__Given information__.
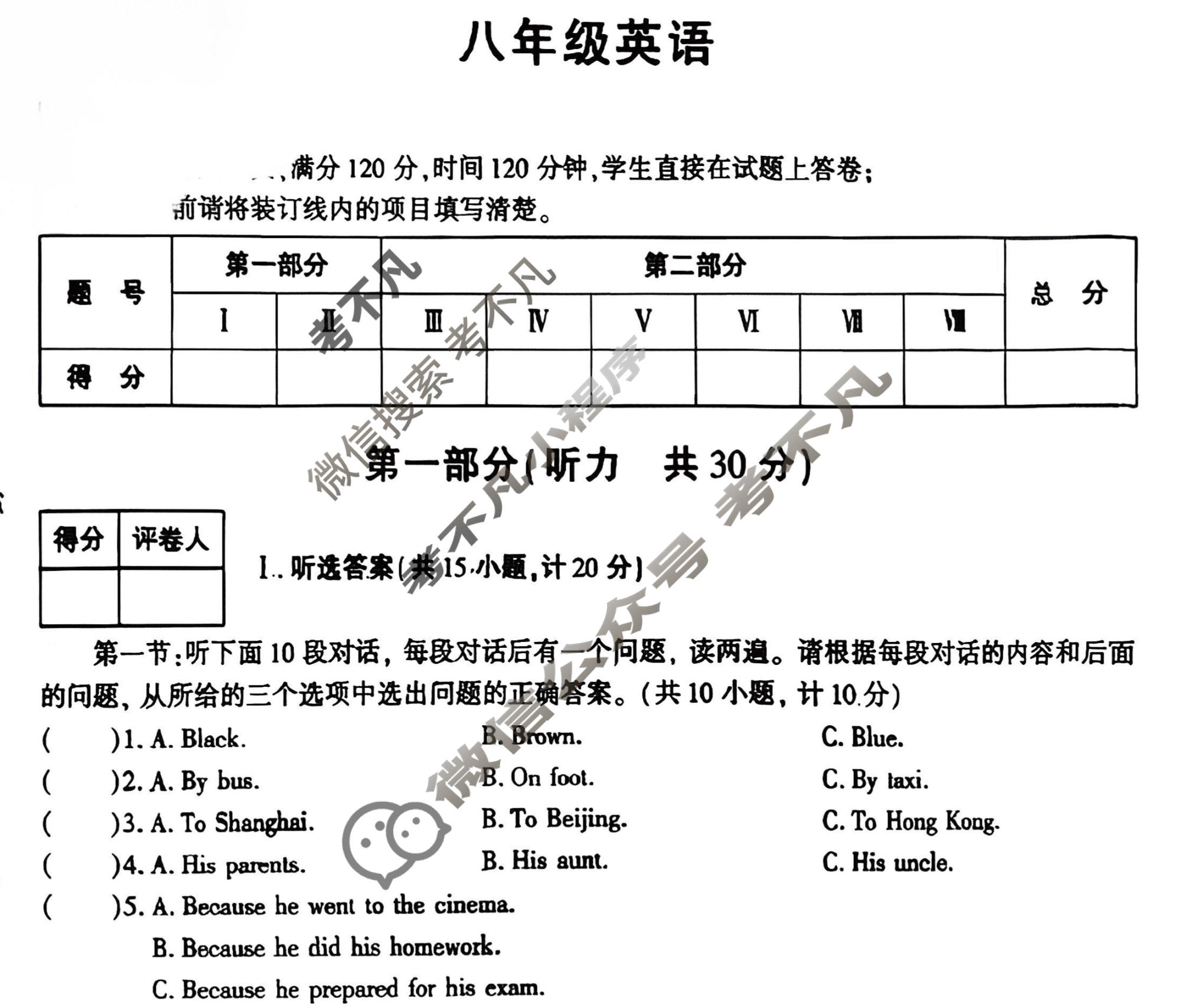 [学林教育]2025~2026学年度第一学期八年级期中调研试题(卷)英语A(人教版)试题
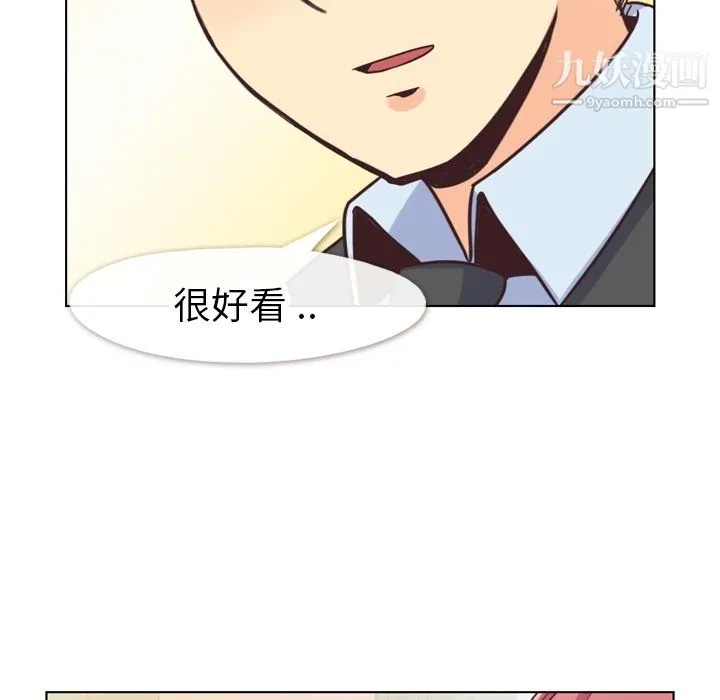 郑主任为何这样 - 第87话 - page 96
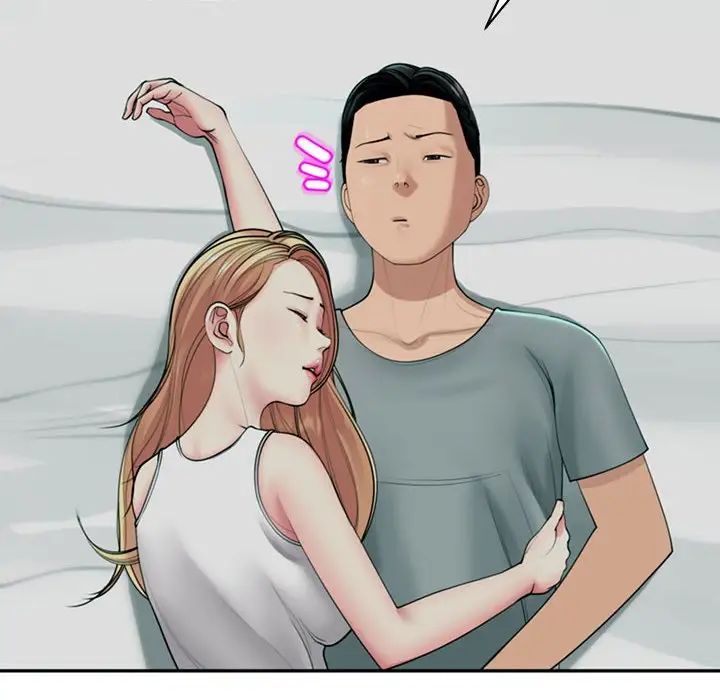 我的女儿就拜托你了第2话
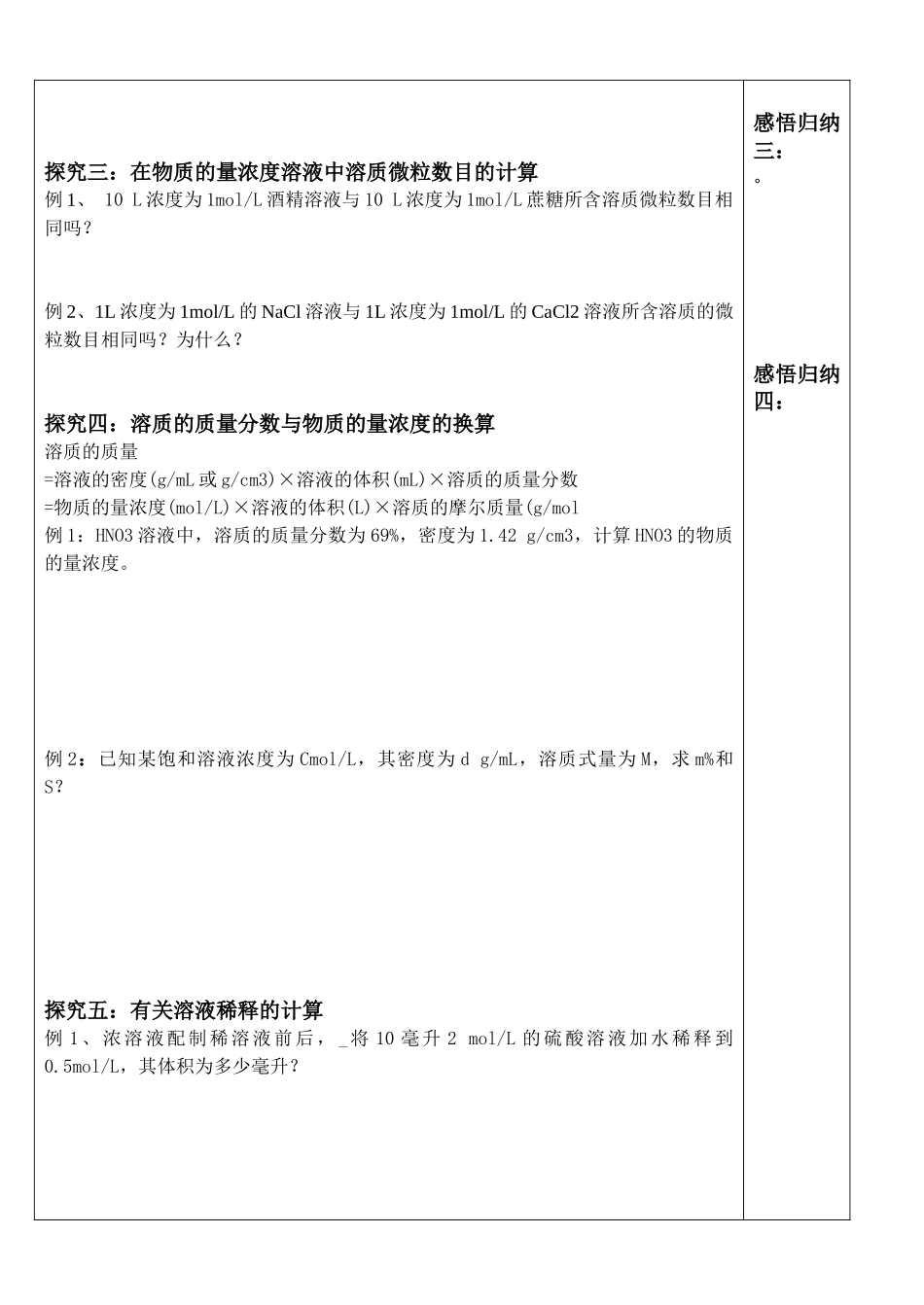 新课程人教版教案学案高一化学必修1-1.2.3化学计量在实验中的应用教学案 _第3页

__What is being asked__.
Could you retype exactly, and only, the lines running from the one with "郑主任为何这样 - 第87话 - page 96" to the last line of the listing, while leaving any pictures out?

__Problem solution__.
 郑主任为何这样 - 第87话 - page 96
 我的女儿就拜托你了第2话
 新课程人教版教案学案高一化学必修1-1.2.3化学计量在实验中的应用教学案 _第3页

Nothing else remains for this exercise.